_Instructions for the task_
With the pictures omitted, repeat exactly the lines below starting with the line that has "Miniatura 4 de" and going on through the line that has "Girl White Strap Embroidered Singlet 6-Pack".

_Data to process_
○ ○ ○

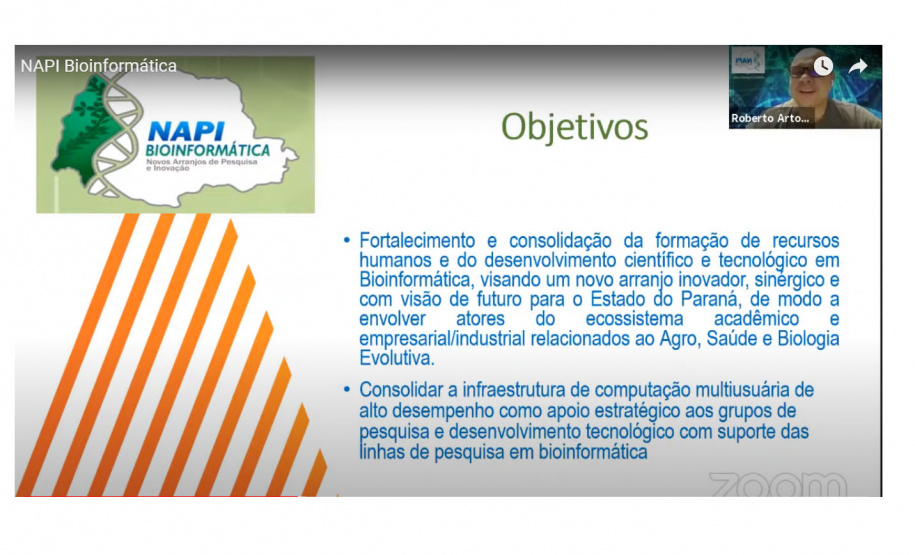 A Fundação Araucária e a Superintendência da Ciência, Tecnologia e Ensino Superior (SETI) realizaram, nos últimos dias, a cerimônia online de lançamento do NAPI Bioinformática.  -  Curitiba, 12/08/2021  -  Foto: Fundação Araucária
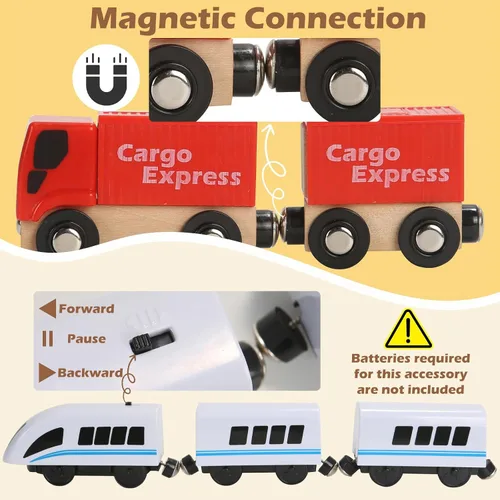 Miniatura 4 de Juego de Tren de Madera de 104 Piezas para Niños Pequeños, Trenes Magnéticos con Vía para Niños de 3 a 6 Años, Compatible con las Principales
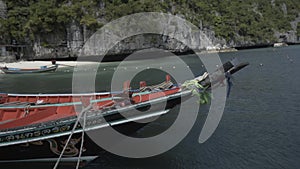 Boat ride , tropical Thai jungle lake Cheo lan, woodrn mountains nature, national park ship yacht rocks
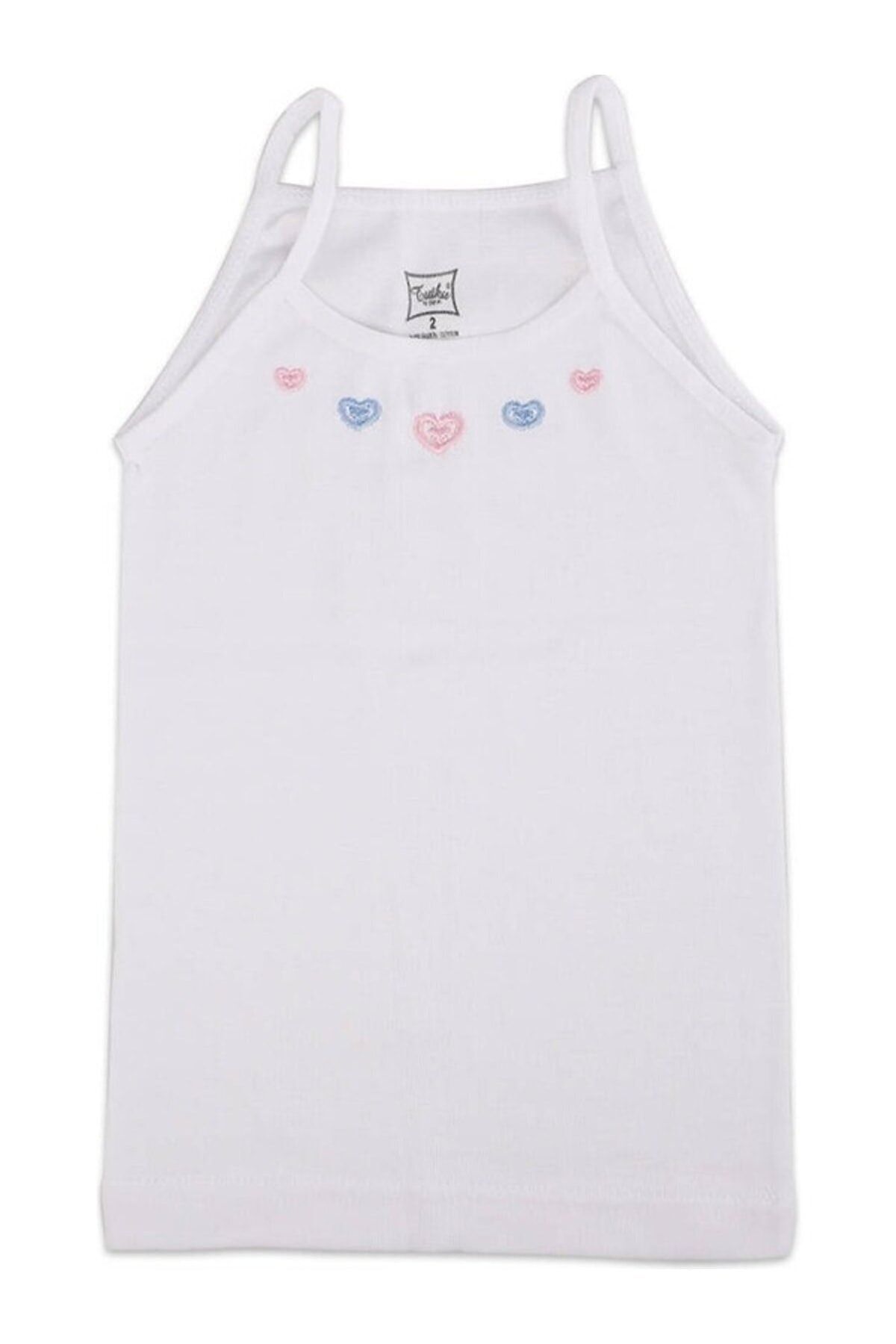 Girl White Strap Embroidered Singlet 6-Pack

○ ○ ○

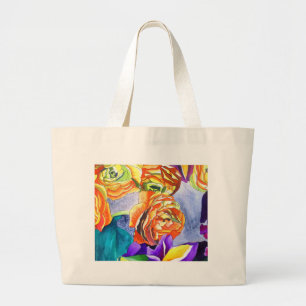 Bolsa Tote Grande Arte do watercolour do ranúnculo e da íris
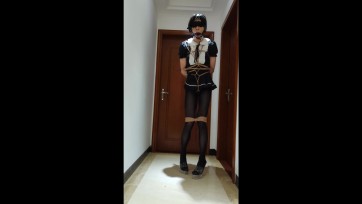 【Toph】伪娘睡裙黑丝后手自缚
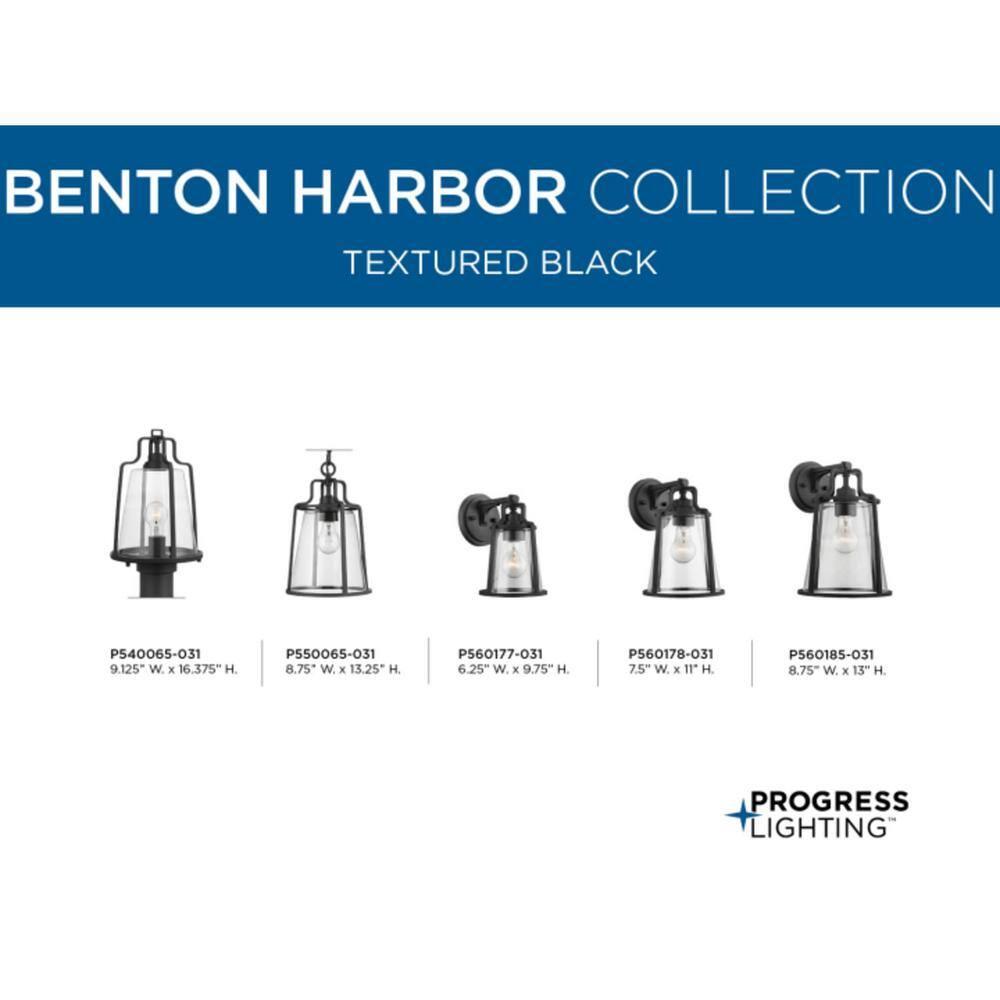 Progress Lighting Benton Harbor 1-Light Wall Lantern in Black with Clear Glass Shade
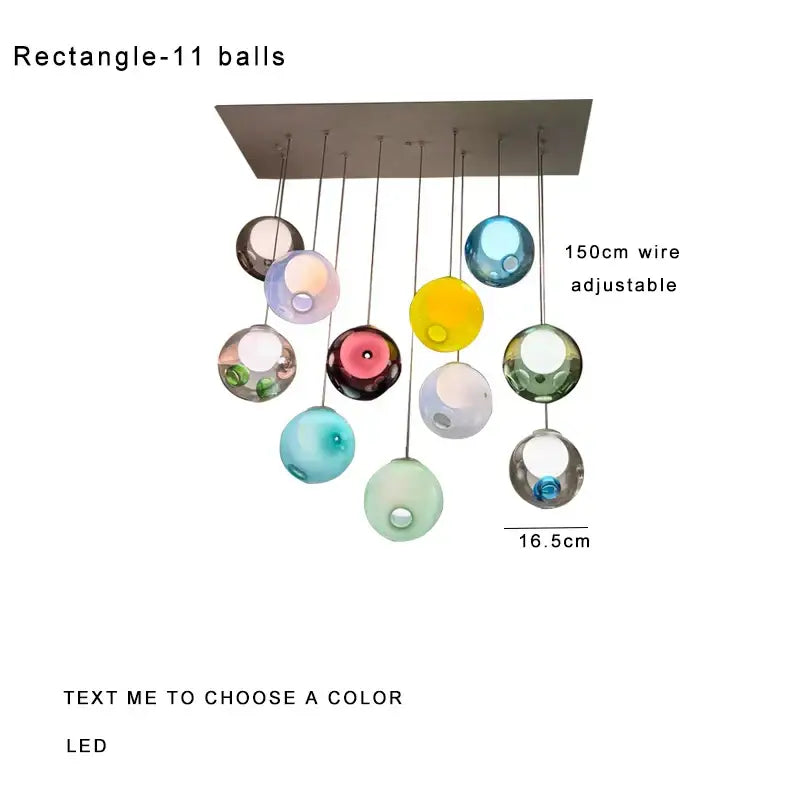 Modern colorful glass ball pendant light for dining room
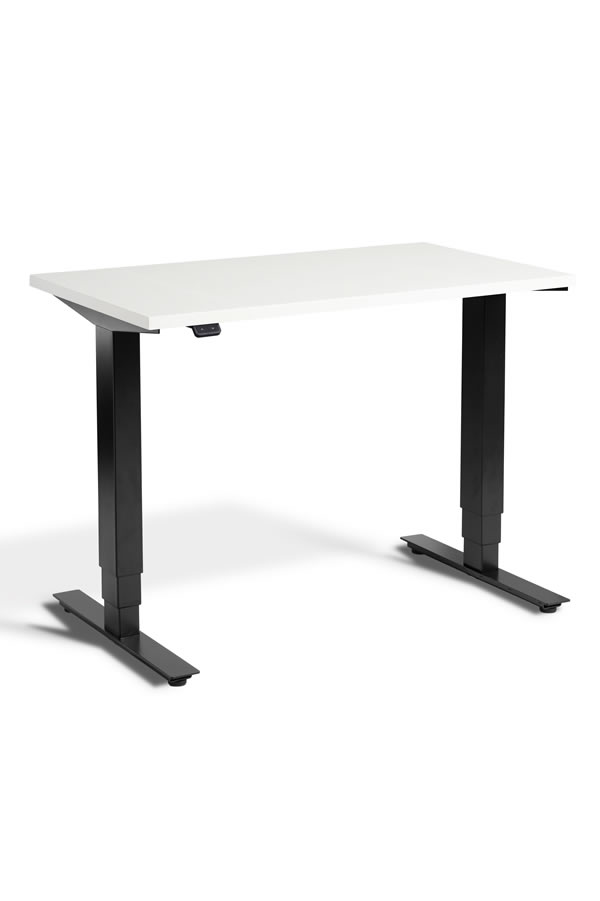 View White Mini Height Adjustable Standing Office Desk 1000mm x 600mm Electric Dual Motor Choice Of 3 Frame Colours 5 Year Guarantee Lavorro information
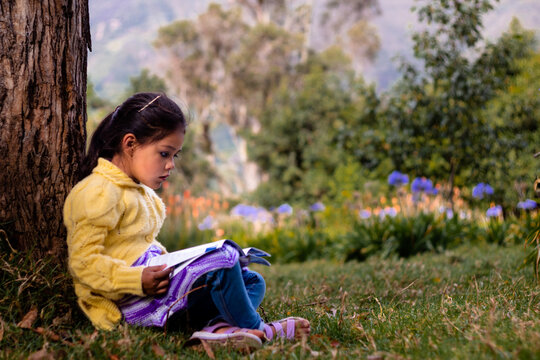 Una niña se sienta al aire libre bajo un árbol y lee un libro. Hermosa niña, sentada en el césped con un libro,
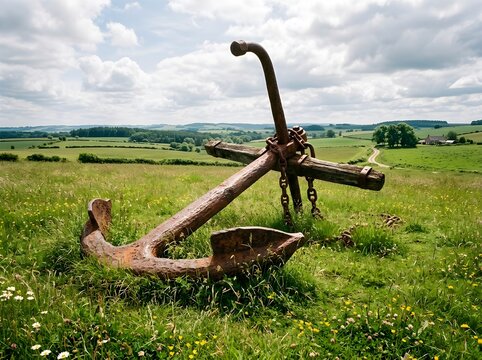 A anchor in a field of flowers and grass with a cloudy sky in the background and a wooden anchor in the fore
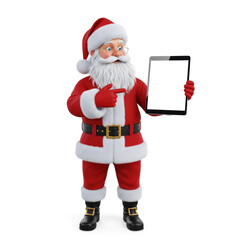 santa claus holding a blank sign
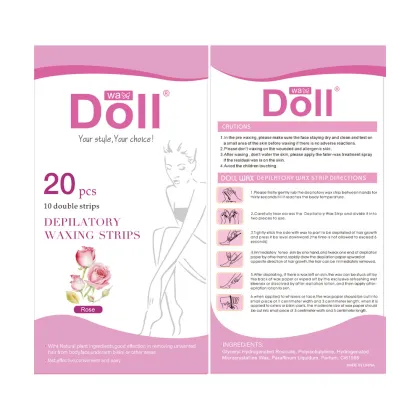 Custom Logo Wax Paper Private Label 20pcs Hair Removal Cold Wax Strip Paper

○ ○ ○

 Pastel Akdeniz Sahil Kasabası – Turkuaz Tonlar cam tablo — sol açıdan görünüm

○ ○ ○

_Task output_
 Miniatura 4 de Juego de Tren de Madera de 104 Piezas para Niños Pequeños, Trenes Magnéticos con Vía para Niños de 3 a 6 Años, Compatible con las Principales
 Boat ride , tropical Thai jungle lake Cheo lan, woodrn mountains nature, national park ship yacht rocks
 Girl White Strap Embroidered Singlet 6-Pack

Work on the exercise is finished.